| Collected data |
----

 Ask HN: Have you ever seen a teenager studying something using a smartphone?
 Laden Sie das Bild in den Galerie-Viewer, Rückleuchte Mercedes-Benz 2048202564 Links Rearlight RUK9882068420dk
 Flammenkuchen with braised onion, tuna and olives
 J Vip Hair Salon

----

The response is the exact set of lines from the one holding "Flammenkuchen with braised" through the last line of the material.

| Exercise result |
 Flammenkuchen with braised onion, tuna and olives
 J Vip Hair Salon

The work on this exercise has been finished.